El volumen representa un incremento del 44,12% respecto al mismo período de 2025 y consolida la estrategia del ejecutivo para reforzar el parque público de vivienda asequible. Esta aceleración llega en un contexto marcado por el encarecimiento del alquiler y las crecientes dificultades de acceso a la vivienda, especialmente entre jóvenes y familias de rentas medias y bajas.
Desde mi perspectiva como economista, esta expansión del gasto público en vivienda genera interrogantes sobre la sostenibilidad fiscal y la eficiencia en la asignación de recursos. Si bien el objetivo de aumentar la oferta habitacional es loable, la experiencia internacional muestra que las soluciones de mercado suelen ser más eficaces para resolver problemas de acceso a la vivienda que la intervención estatal masiva.

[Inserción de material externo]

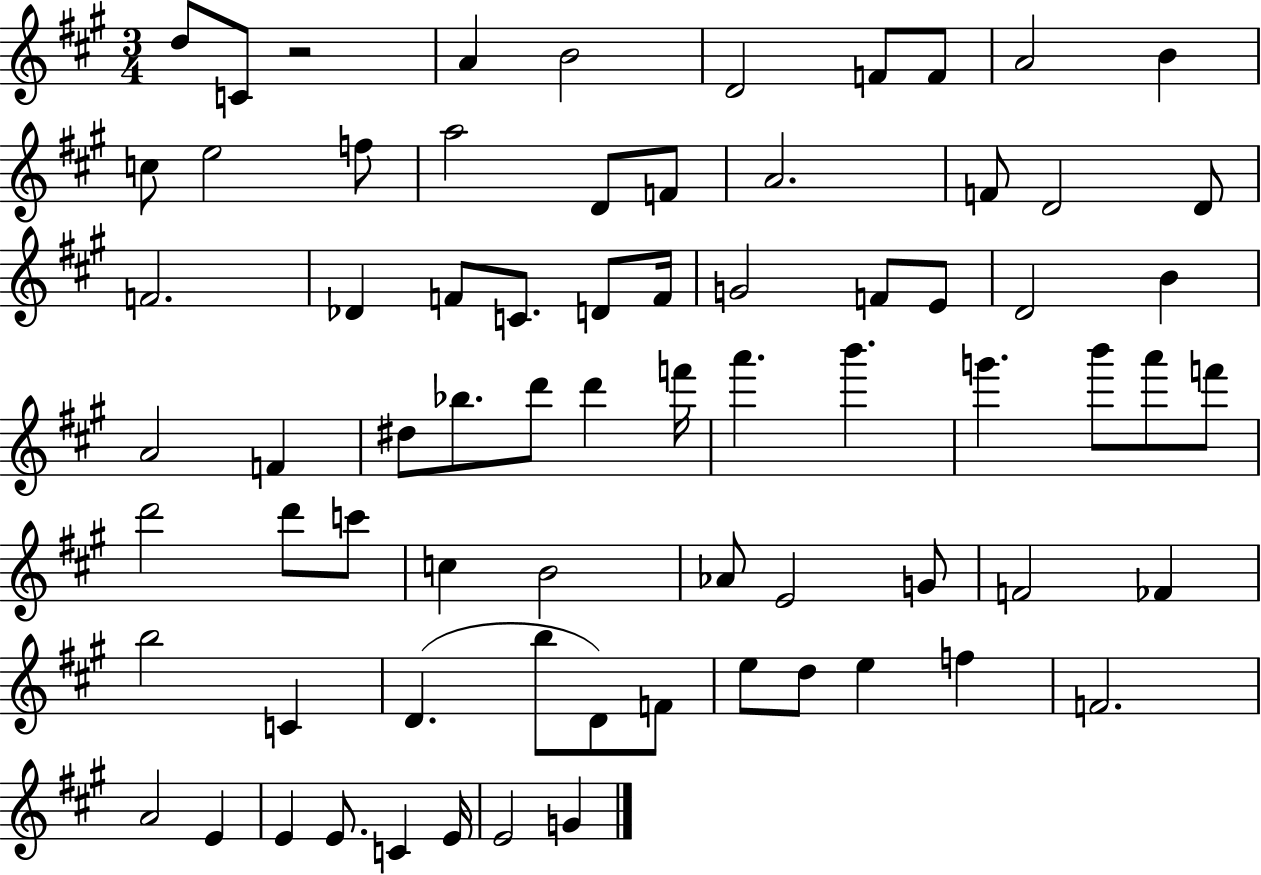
D5/e C4/e R/h A4/q B4/h D4/h F4/e F4/e A4/h B4/q C5/e E5/h F5/e A5/h D4/e F4/e A4/h. F4/e D4/h D4/e F4/h. Db4/q F4/e C4/e. D4/e F4/s G4/h F4/e E4/e D4/h B4/q A4/h F4/q D#5/e Bb5/e. D6/e D6/q F6/s A6/q. B6/q. G6/q. B6/e A6/e F6/e D6/h D6/e C6/e C5/q B4/h Ab4/e E4/h G4/e F4/h FES4/q B5/h C4/q D4/q. B5/e D4/e F4/e E5/e D5/e E5/q F5/q F4/h. A4/h E4/q E4/q E4/e. C4/q E4/s E4/h G4/q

El gobierno atribuye este crecimiento a una combinación de instrumentos financieros que multiplicaron la capacidad inversora del Estado. Entre ellos destacan el aumento del presupuesto ministerial, que se multiplicó por ocho en los últimos años, los fondos europeos vinculados al Plan de Recuperación, y los distintos planes estatales de vivienda impulsados desde el ejecutivo central.
La ministra Isabel Rodríguez, al frente del Ministerio de Vivienda, subraya que el objetivo es revertir el histórico déficit de vivienda pública en España y acercar el país a los estándares europeos. Actualmente, España cuenta con uno de los porcentajes más bajos de vivienda social de toda la Unión Europea, una situación que el ejecutivo considera prioritaria corregir.
El gobierno asegura haber movilizado ya €2.243 millones en políticas vinculadas a la vivienda pública durante la actual legislatura. La cifra adquiere mayor relevancia si se compara con etapas anteriores: en apenas 28 meses, la inversión supera en €960 millones el total destinado entre enero de 2012 y mayo de 2018.
Una característica distintiva de esta nueva estrategia es que buena parte de las promociones estarán sujetas a protección permanente e indefinida, evitando que las viviendas construidas con financiación pública terminen incorporándose al mercado libre años después. Esta medida, aunque bien intencionada, podría generar distorsiones en el mercado inmobiliario a largo plazo.
La hoja de ruta pasa ahora por el nuevo Plan Estatal de Vivienda 2026-2030, que prevé una inversión total de €7.000 millones durante los próximos cinco años. Según las previsiones ministeriales, al menos el 40% de esos recursos se destinarán específicamente a la construcción de vivienda asequible protegida de manera permanente.
Expertos del sector consideran que el refuerzo de la promoción pública puede contribuir a estabilizar los precios a medio plazo, aunque advierten que los resultados no serán inmediatos. La construcción de nuevas viviendas protegidas requiere plazos largos de ejecución y una colaboración estrecha entre administraciones públicas y promotores.